- _GIVEN DATA_:
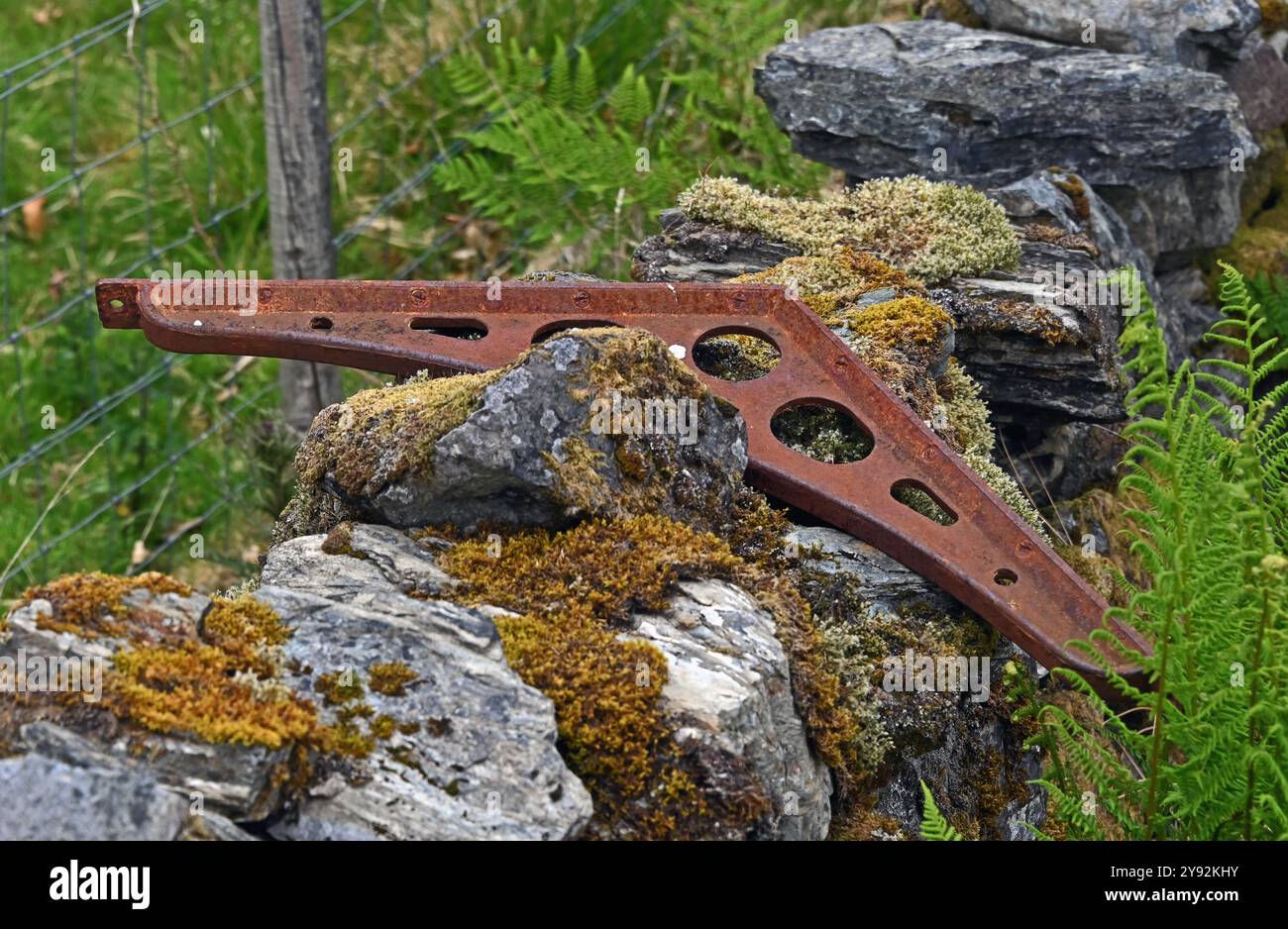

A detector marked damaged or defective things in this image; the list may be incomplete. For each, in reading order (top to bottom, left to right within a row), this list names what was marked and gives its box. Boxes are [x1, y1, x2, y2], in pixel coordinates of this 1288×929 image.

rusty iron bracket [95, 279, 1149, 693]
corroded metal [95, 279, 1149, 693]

==

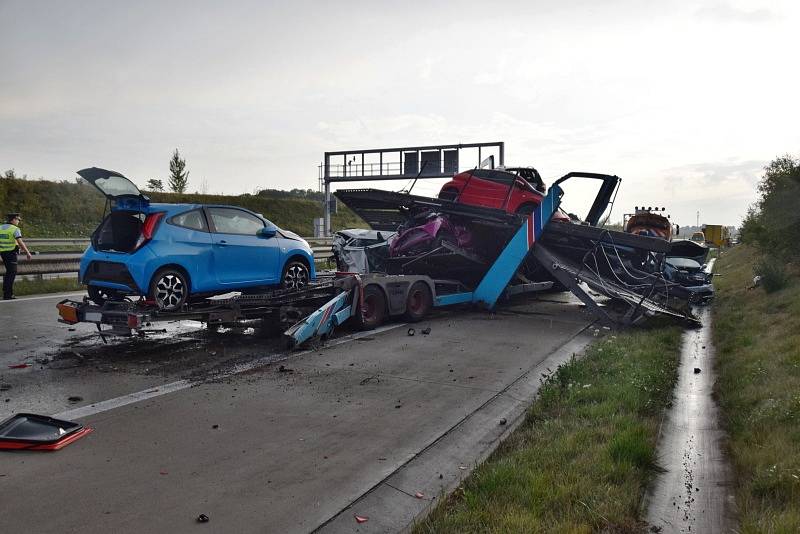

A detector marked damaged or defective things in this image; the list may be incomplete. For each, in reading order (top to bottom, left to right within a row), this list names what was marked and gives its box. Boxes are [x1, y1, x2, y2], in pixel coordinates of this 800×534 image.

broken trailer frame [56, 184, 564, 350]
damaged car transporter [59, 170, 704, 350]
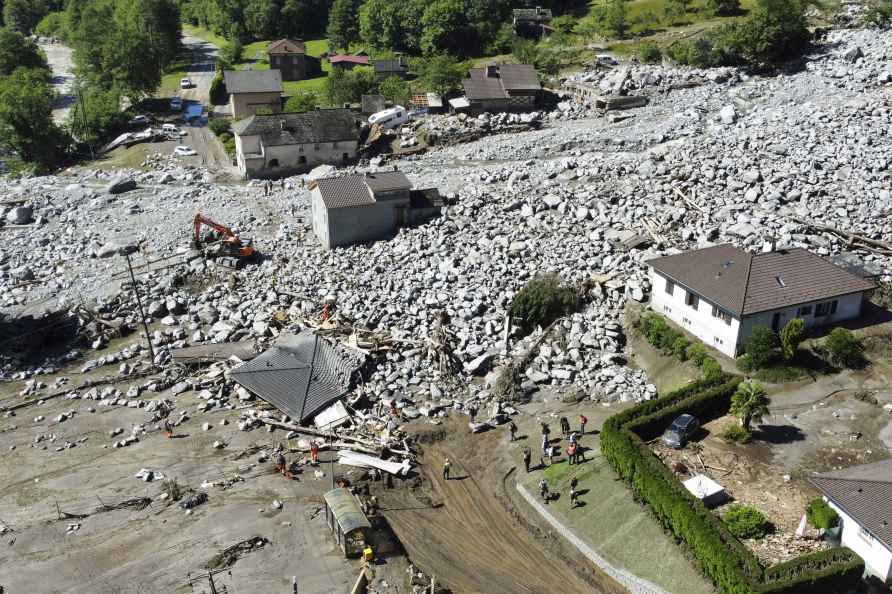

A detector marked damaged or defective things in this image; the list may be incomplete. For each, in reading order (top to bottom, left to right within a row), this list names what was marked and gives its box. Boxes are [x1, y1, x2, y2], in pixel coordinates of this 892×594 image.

- _AIM OF THE TASK_:
Return the lines above from the one with "this 800×534 image." through the one with "this 892×594 image.", verbatim and nothing else. Omit every picture.

- _TASK ANSWER_:
A detector marked damaged or defective things in this image; the list may be incomplete. For each, in reading order (top to bottom, left to right within a row), this list names what was marked and gives its box. Boxes are [x1, y1, x2, y2], in pixel coordinates of this 800×534 image.

broken trailer frame [56, 184, 564, 350]
damaged car transporter [59, 170, 704, 350]

A detector marked damaged or defective things in this image; the list may be incomplete. For each, in reading order (top to bottom, left to right within a row), this list names what was marked and gives its box. Boxes are [x1, y1, x2, y2], in pixel coordinates of this 892×594 image.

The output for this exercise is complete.